- Records -
• • • • • • •

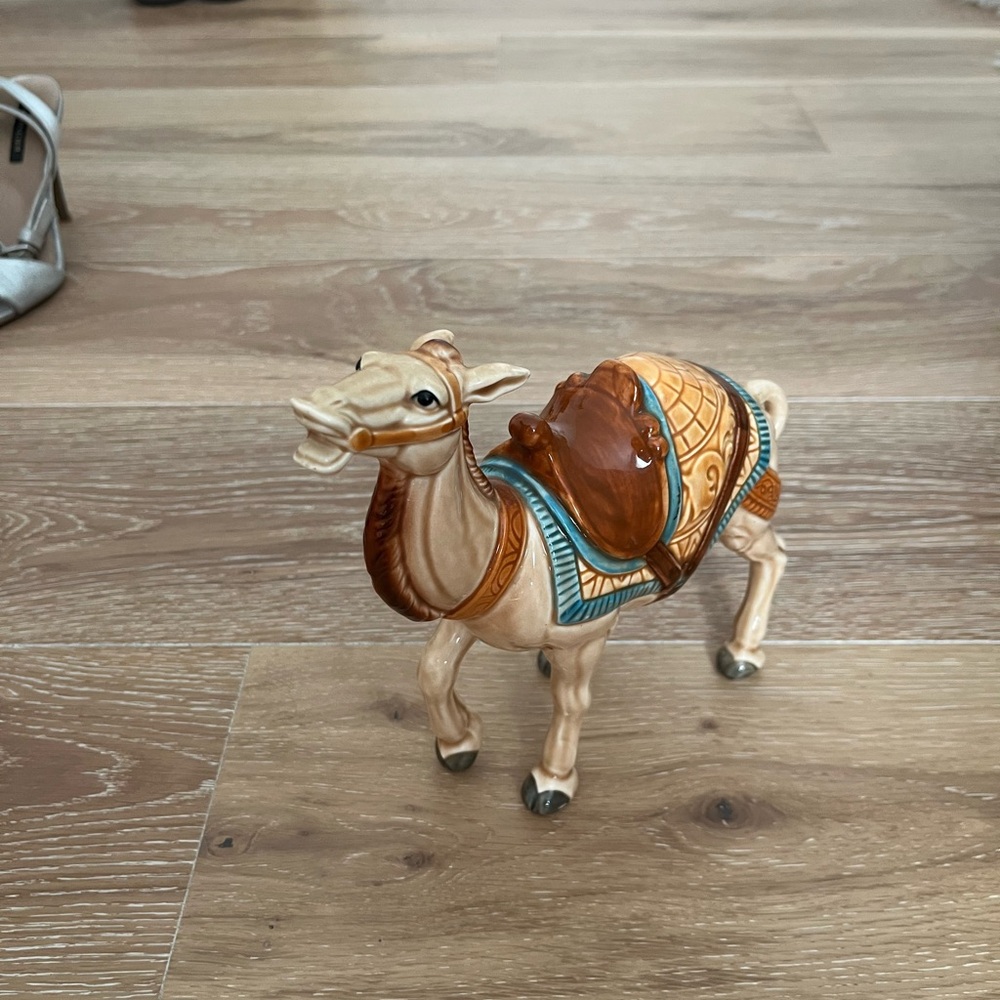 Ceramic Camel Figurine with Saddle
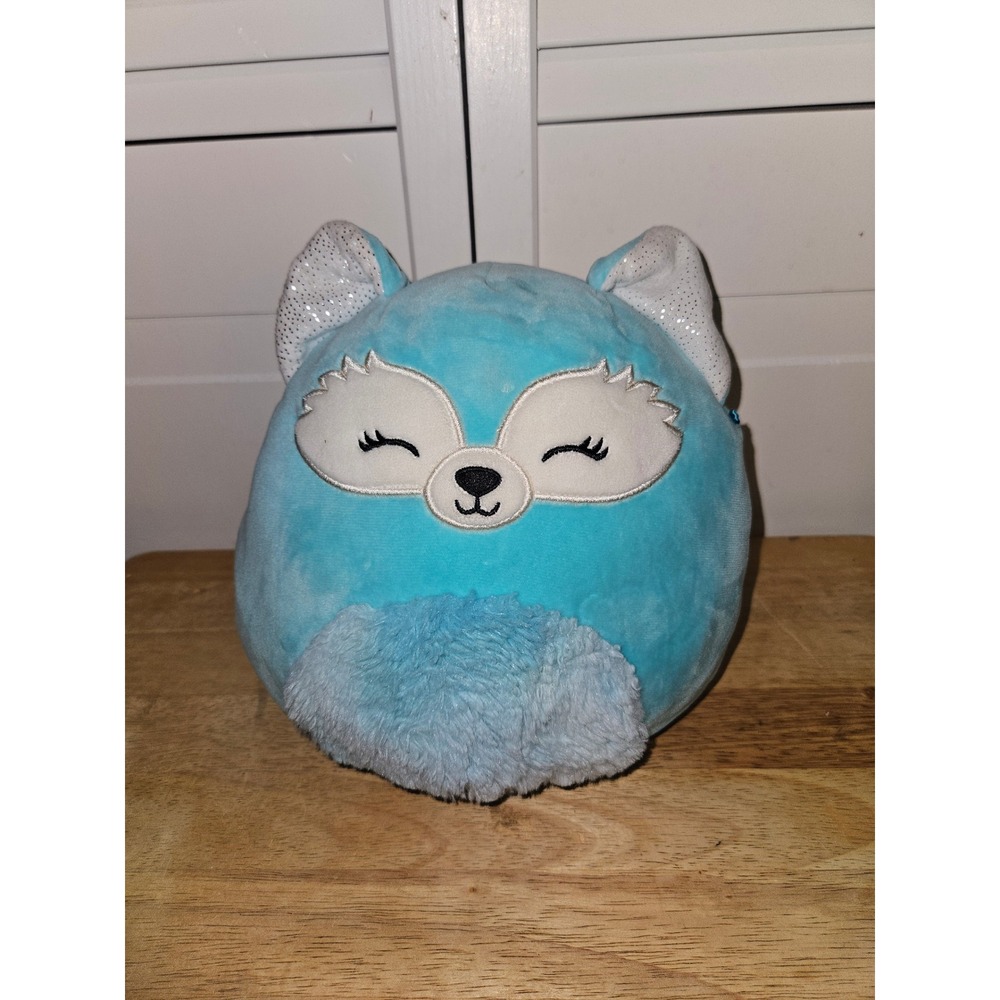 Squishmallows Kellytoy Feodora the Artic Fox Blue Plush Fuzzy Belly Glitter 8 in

• • • • • • •

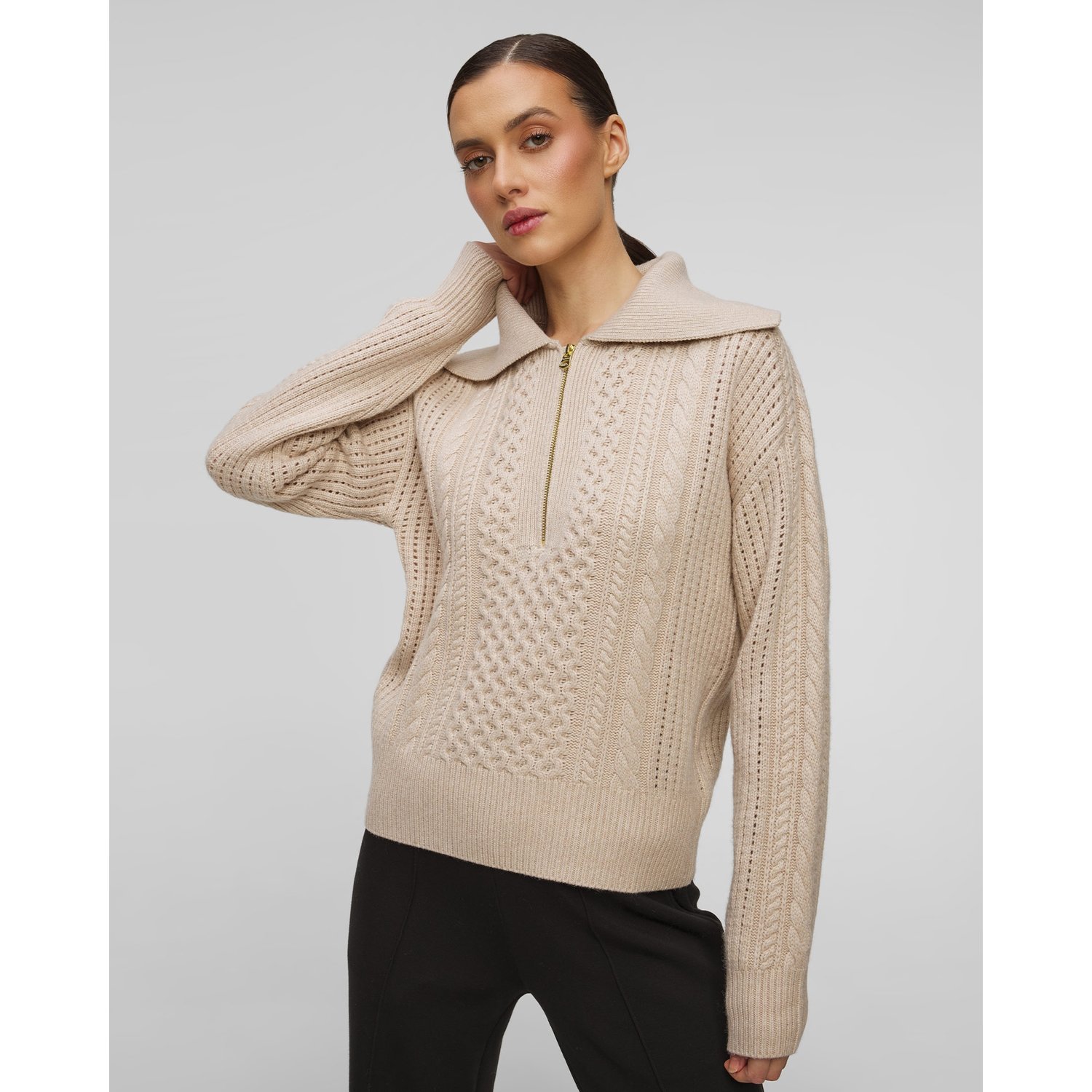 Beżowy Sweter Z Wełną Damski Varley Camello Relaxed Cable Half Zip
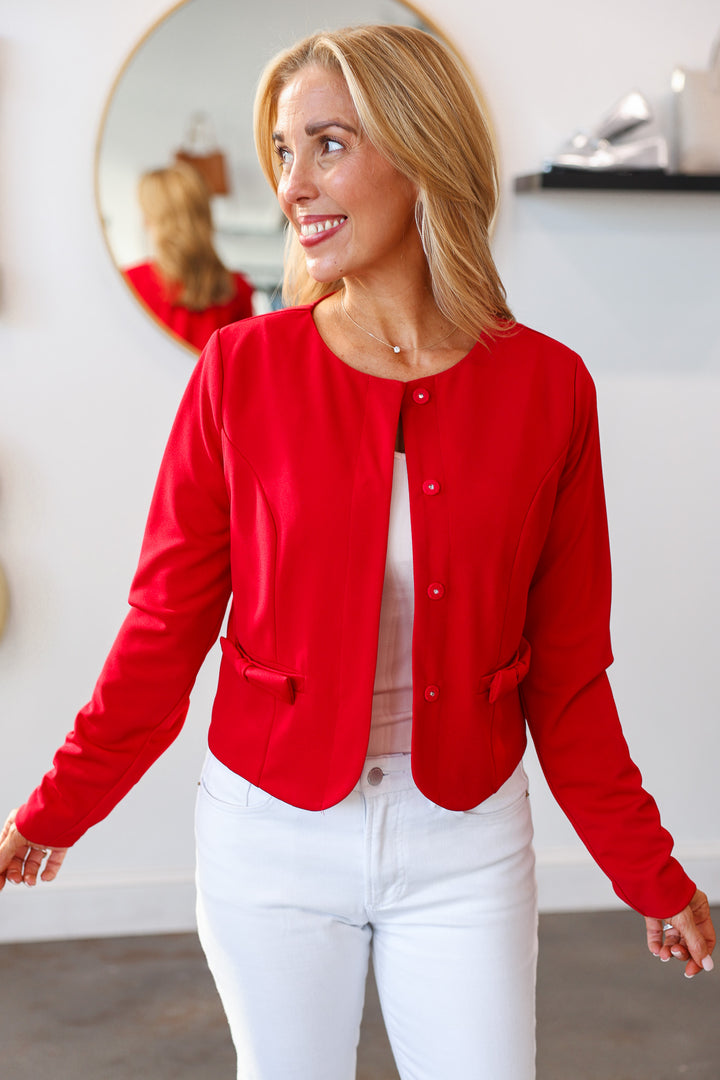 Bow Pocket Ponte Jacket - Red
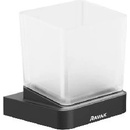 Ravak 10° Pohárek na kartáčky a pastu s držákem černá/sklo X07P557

• • • • • • •

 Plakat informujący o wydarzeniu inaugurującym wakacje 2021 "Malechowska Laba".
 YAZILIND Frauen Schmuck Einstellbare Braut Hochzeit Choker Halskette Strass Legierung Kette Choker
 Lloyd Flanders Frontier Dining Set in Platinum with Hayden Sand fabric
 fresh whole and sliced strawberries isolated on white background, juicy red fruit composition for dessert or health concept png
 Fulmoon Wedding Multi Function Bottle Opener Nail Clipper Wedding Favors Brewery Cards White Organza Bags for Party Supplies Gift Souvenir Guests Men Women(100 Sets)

• • • • • • •

- Brief -
Each line above from the one containing "Ceramic Camel Figurine with Saddle" through the one containing "Squishmallows Kellytoy Feodora" is to be returned verbatim. Nothing else, and no pictures.

- Answer section -
 Ceramic Camel Figurine with Saddle
 Squishmallows Kellytoy Feodora the Artic Fox Blue Plush Fuzzy Belly Glitter 8 in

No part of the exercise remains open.